Il dl prevede uno "stanziamento immediato di 200 milioni di euro per fronteggiare l'avvio della ricostruzione, su un fondo che consente di avviare subito i lavori", ha aggiunto De Vincenti sottolineando che "in totale siamo a 300 milioni di euro, per copertura di tasse, imposte e oneri sociali differiti".

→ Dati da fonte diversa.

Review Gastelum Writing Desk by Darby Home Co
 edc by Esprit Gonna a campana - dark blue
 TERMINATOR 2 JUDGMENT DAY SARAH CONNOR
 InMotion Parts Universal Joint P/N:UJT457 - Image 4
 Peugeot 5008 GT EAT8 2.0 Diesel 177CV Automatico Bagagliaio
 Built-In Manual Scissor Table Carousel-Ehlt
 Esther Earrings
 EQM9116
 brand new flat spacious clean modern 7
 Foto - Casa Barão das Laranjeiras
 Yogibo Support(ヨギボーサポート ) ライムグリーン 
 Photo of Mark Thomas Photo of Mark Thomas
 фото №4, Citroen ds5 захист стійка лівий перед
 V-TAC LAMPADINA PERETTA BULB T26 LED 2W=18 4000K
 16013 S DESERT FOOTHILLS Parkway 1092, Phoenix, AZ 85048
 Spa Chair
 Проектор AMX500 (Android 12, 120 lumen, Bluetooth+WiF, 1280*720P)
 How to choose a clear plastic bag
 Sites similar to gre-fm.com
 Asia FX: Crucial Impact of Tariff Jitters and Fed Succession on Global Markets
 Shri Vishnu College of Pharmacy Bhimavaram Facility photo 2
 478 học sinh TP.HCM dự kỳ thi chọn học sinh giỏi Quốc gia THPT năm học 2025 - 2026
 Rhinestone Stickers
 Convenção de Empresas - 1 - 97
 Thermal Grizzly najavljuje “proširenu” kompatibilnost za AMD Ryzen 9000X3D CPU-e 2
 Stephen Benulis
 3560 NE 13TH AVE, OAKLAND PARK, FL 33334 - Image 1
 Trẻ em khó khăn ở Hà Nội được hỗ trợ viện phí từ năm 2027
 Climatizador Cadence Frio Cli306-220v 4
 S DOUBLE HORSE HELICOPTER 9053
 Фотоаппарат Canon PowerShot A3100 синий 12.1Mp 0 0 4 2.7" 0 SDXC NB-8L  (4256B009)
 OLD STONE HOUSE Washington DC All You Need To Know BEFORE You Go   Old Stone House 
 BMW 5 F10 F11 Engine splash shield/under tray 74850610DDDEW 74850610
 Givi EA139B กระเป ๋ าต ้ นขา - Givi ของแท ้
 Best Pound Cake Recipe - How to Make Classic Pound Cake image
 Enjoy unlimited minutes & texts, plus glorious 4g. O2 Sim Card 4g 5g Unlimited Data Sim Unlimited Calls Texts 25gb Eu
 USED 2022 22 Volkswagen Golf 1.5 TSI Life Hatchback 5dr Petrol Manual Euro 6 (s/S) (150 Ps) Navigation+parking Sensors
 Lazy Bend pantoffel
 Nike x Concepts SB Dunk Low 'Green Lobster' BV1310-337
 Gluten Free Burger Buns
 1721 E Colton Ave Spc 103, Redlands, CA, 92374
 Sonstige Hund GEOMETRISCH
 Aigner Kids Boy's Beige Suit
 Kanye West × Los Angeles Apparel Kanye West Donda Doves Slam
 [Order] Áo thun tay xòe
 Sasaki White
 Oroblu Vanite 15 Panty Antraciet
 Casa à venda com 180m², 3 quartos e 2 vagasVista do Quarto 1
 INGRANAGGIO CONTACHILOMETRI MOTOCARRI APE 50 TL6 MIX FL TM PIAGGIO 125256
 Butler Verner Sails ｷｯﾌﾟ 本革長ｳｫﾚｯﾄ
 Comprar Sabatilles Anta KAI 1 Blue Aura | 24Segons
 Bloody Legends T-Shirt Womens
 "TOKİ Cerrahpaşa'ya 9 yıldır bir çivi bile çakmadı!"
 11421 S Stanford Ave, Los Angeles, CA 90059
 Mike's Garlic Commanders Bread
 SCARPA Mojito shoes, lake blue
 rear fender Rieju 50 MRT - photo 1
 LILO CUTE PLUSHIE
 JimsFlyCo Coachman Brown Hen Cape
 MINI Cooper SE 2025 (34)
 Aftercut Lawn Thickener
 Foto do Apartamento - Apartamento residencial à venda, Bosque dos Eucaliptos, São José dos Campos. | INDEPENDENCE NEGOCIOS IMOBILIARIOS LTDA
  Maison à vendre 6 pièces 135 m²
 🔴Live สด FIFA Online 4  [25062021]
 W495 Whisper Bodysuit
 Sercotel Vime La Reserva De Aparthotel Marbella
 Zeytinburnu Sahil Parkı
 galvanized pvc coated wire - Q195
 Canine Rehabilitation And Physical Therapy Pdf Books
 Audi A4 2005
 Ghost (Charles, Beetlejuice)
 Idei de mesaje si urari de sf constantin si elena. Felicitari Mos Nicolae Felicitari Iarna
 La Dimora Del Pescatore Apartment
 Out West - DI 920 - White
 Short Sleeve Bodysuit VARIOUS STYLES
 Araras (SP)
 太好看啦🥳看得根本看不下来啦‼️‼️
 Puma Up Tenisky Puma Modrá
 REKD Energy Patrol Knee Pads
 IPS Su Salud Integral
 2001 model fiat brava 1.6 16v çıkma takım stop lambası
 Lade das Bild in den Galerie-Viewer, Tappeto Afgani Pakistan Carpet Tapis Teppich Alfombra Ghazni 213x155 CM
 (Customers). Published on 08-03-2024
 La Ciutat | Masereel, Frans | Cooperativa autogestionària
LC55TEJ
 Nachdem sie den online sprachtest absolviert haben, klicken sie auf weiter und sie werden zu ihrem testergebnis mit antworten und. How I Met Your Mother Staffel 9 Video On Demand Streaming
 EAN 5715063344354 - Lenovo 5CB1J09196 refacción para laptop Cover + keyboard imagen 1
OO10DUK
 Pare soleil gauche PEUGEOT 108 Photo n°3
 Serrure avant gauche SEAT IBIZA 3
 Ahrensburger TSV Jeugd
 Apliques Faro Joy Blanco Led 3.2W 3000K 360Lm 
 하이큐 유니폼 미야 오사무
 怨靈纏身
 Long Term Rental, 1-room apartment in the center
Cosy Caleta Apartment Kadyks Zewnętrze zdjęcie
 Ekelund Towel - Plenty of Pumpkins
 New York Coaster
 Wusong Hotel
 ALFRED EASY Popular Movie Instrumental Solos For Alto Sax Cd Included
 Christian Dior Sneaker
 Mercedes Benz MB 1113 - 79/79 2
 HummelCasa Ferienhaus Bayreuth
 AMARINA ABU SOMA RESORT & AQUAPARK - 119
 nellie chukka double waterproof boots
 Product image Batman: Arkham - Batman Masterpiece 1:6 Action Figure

Si tratta di un "provvedimento complesso, esaustivo, una sorta di vademecum per la ricostruzione" con misure "che vanno dal risarcimento integrale degli edifici colpiti, al rinvio del pagamento di imposte e tasse per i cittadini colpiti dal sisma", ha aggiunto De Vincenti. Gli ha fatto eco il commissario straordinario per la ricostruzione nelle zone colpite dal sisma del 24 agosto, Vasco Errani, che ha sottolineato come "siamo di fronte a un decreto che imposta pienamente la ricostruzione e che con la legge di bilancio troverà la piena copertura per la ricostruzione".

"Tutte le ditte che lavoreranno nel piano della ricostruzione" ha aggiunto Errani, dovranno "essere iscritte nella 'white list'", e le parole d'ordine saranno "legalità e trasparenza". Verrà istituita "una struttura speciale, istituita dal ministero dell'Interno e presieduta da un prefetto, dedicata alla 'white list' e dall'Anac per garantire controlli rafforzati", ha aggiunto.